BEGIN Entries provided

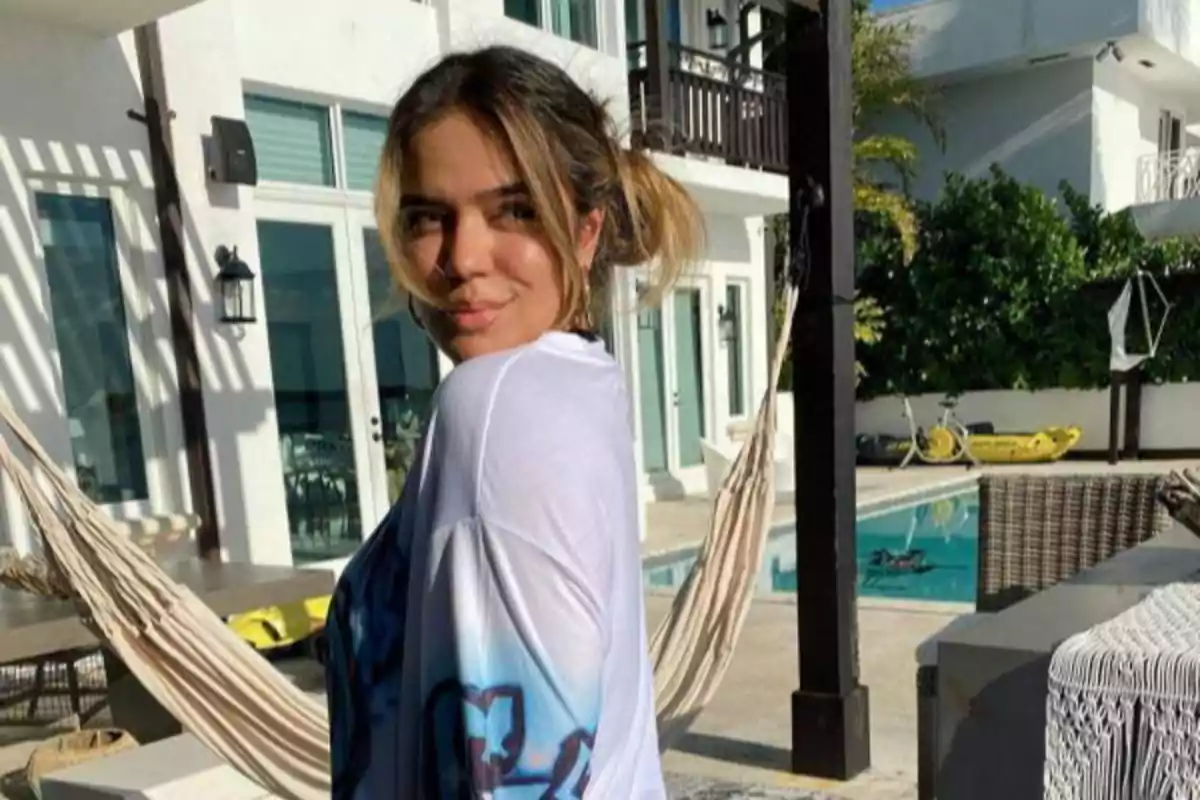 Joven con cabello recogido y camiseta blanca posando sonriente en un patio con piscina, hamaca y muebles de exterior en un día soleado Joven con cabello recogido y camiseta blanca posando sonriente en un patio con piscina, hamaca y muebles de exterior en un día soleado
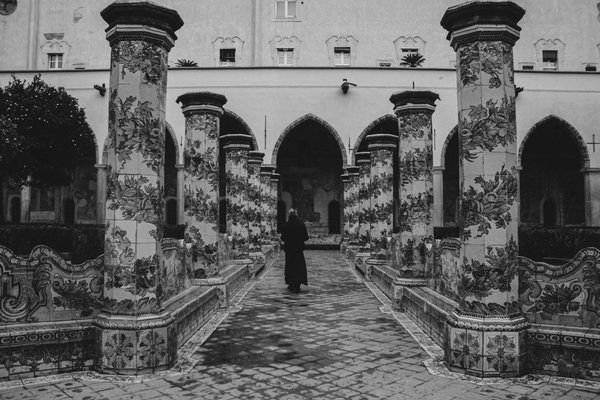 Chiostro con colonne decorate da maioliche nel Complesso Monumentale di Santa Chiara a Napoli, in bianco e nero.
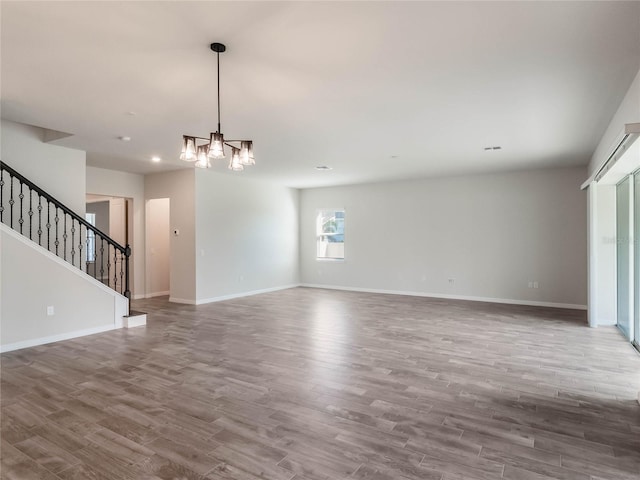 unfurnished living room with a notable chandelier, stairway, baseboards, and wood finished floors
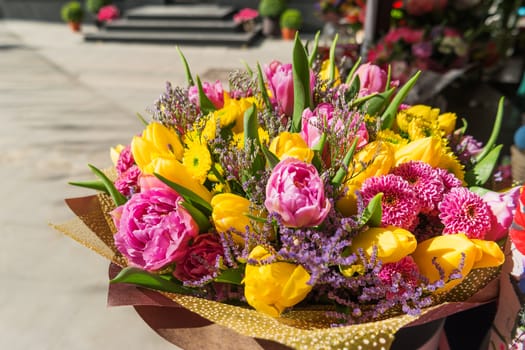 Bouquet with tulips and ranunculus. Spring sunny day.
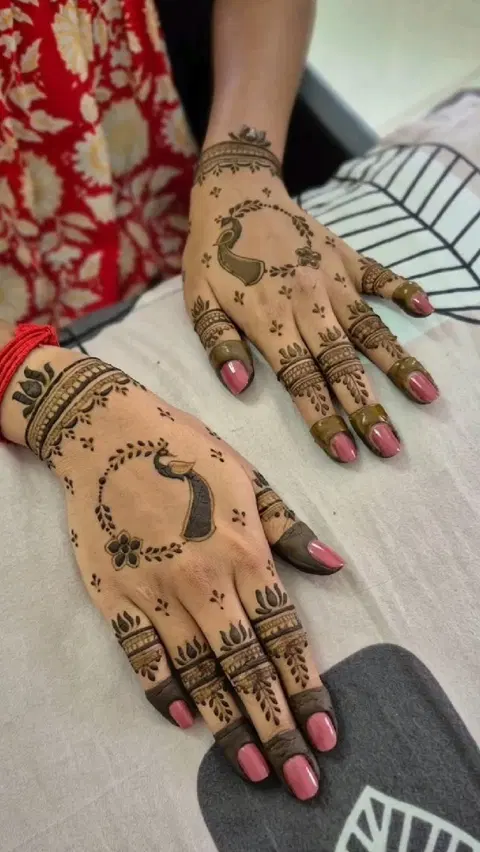 minimal simple deity back hand mehndi design
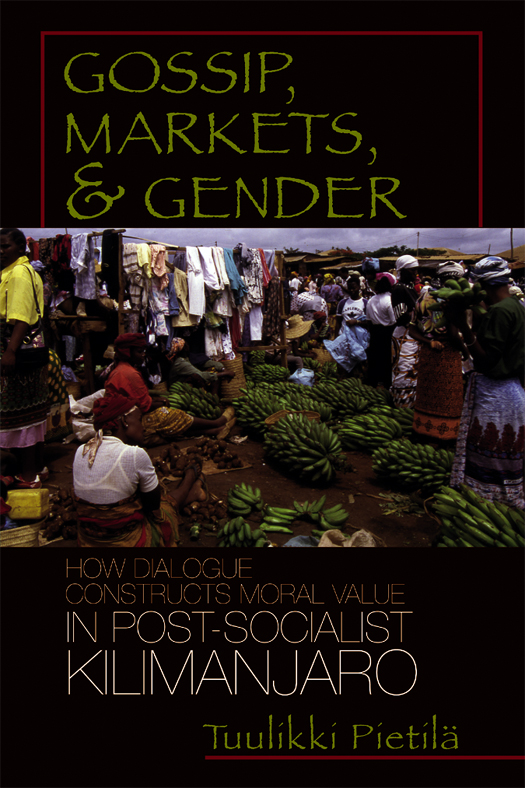 cover of Pietila's book is dark blue, with a photo of a marketplace in the center. Bunches of bananas are shown.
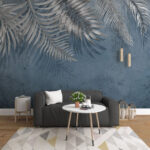 Fotobehang Zilverkleurige palmbladeren op blauwe achtergrond.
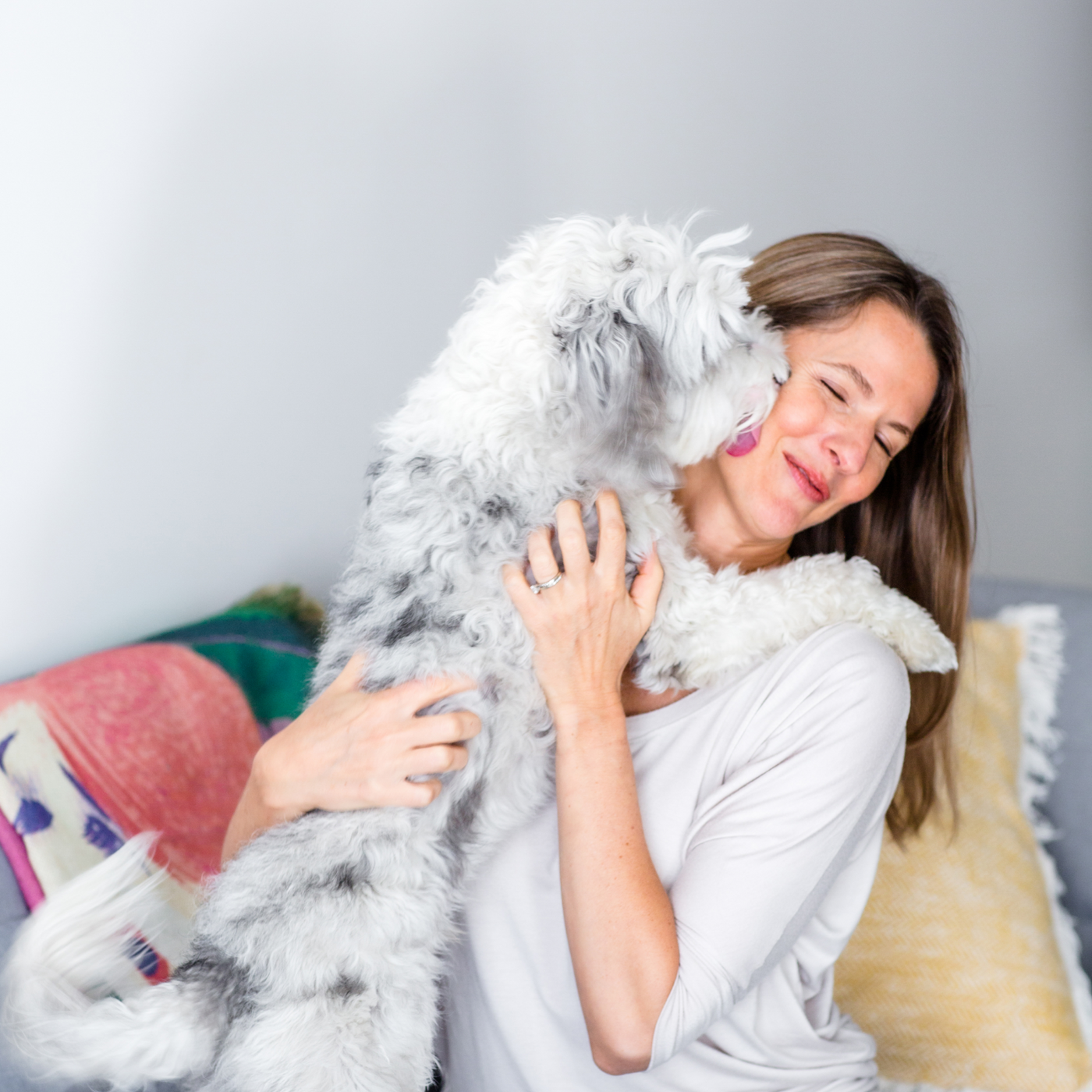 Jen's dog licking her cheek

END Entries provided

▸ Instructions to follow: From the line that contains "Chiostro con colonne" to the last line of the data, print each line exactly, both ends included, and omit the pictures.

▸ Written response:
 Chiostro con colonne decorate da maioliche nel Complesso Monumentale di Santa Chiara a Napoli, in bianco e nero.
 unfurnished living room with a notable chandelier, stairway, baseboards, and wood finished floors
 Bouquet with tulips and ranunculus. Spring sunny day.
 minimal simple deity back hand mehndi design
 cover of Pietila's book is dark blue, with a photo of a marketplace in the center. Bunches of bananas are shown.
 Fotobehang Zilverkleurige palmbladeren op blauwe achtergrond.
 Jen's dog licking her cheek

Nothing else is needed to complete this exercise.